Dec 1, 2008

Pre Lit Trees

Pre-lit trees?

How lazy am I?

How lazy are you?

So last night - as the Thanksgiving period ended, and the inevitable comment...
"Hey, let's get the tree out - looks like the Johnsons have all their crap up already..."

Damn it.

I don't know about you, but we've got our Winter Solstice Holiday trinkets pretty well
hidden in nooks and crannies of the abode. This means crawling through asbestos clouds in the attic to pull out a box which may or may not contain any actual chauchkies.

Then comes the dance of the furniture. As I don't have a large place to live - things and items are fairly well in their place. Any additional items require the movement of other things. For instance - placing a large fake evergreen pine in the corner of the house requires two couches to move, along with heavy wood items that hold drinks for when I'm sitting in one of the two couches.

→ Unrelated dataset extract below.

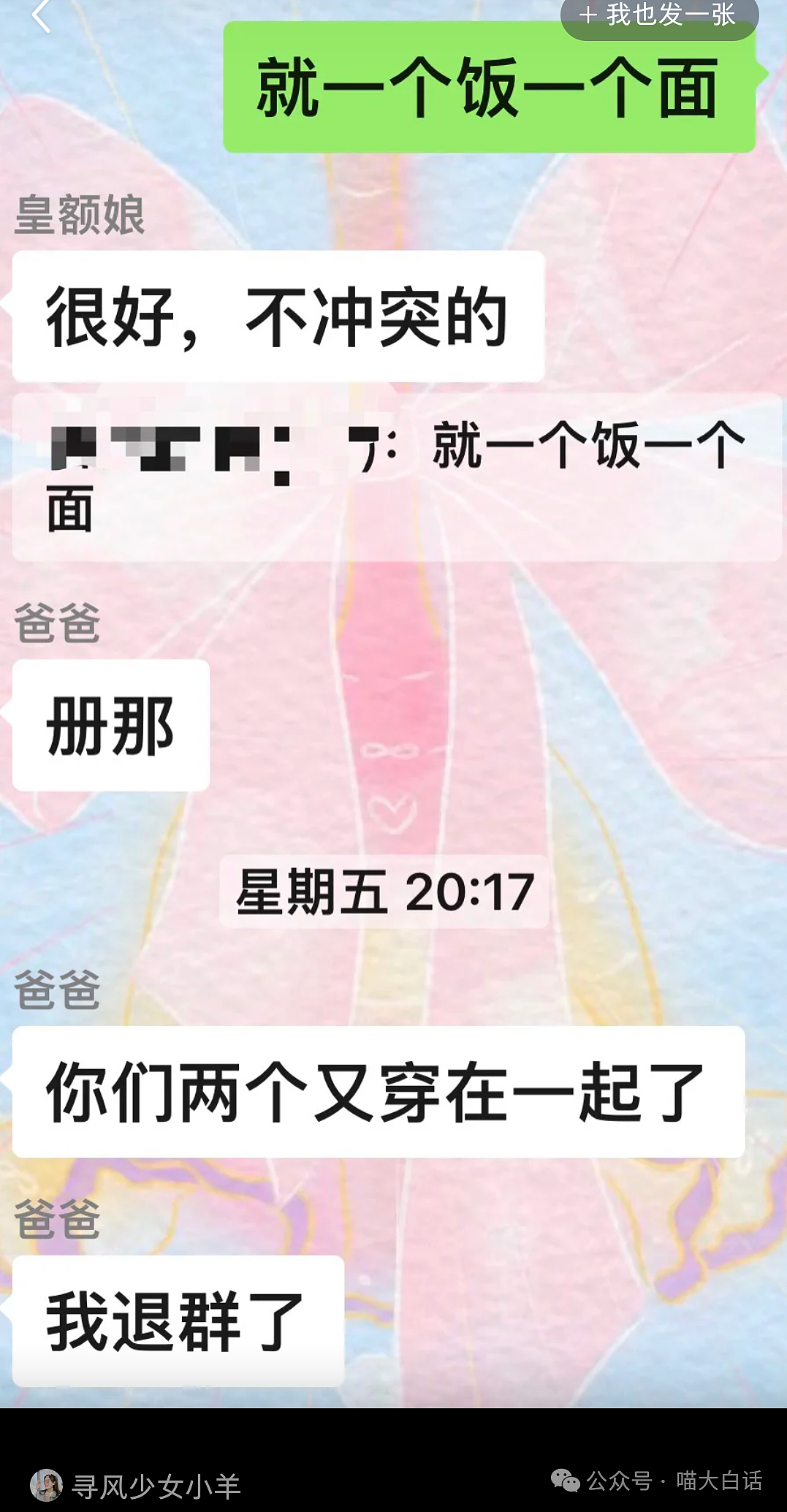 【爆笑】“有一个抽象老爸是什么体验？？”哈哈哈哈哈好新潮的一款爸爸（组图） - 13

And, wouldn't you know, there's a layer of dust under these items that are now visible so therefore must be eliminated henceforth.

Now I gotta get the fuggin' vacuum cleaner out too.

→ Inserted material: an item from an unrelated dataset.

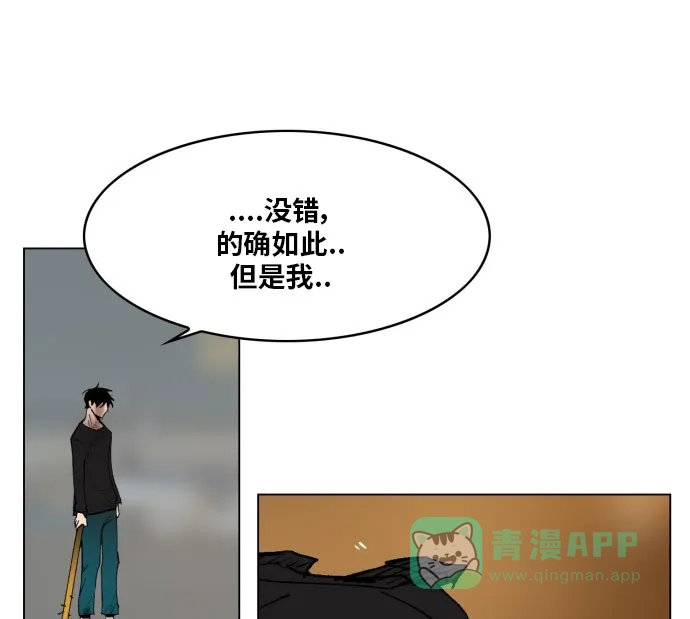 《热练战士》第175话 第53页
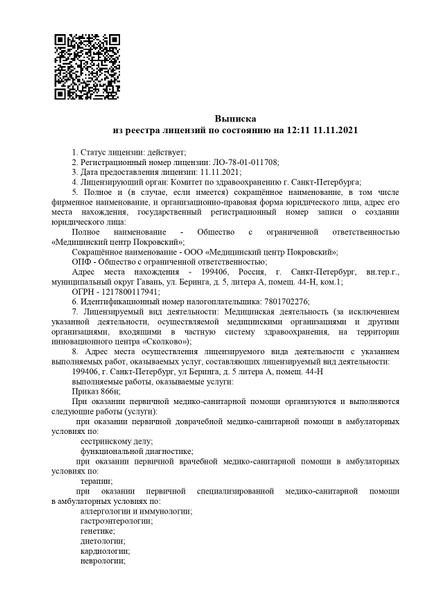 Лицензия или сертификат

After much huffing and puffing and moving the house around - now we're ready to assemble the plastic pipe cleaner item for hanging smaller plastic or glass novelties.

Follow the common sense. Work your way up. One must now "fluff" the various "branches" to make it look "realistic."

Now the lights must be hung. Luckily I'm out - as I've never accomplished this task to satisfaction. Now I sit back and untangle the strings of lights. I plug them in - inspect for burnouts... much like the local mall HR department weeding through prospective candidates for Santa.

Oh sh*t. I have half a line on the last string not responding. Must be one bad apple - can't be caught with this much fail... Dang. Too late.

Now I am faced with a dilemma. I realize it's not Sophie's Choice - but it's a dilemma that has been brewing for the past three Christmases. "We should just get the pre-lit tree!"

I disagree.

It's only two months a year that this stupid contraption is placed in our front window to disprove to our neighbors that we're not the Pagan Atheist Jewish Muslim Satan worshipers that they think we are. I'm not going to spend any more dollars on the green ornament rack than the dollars that have already been expended.

I suggest that I try to "fix" the string of lights that have failed. As that argument didn't fly - I suggest that we simply purchase another string of lights. This suggestion is tempered by glaring apprehension. I question why this solution is not reasonable to the other parties.

"Won't match"

I ponder this argument, as I desperately attempt to prevent any gray matter to liquefy and simply pour out of my ear. I ask for clarification.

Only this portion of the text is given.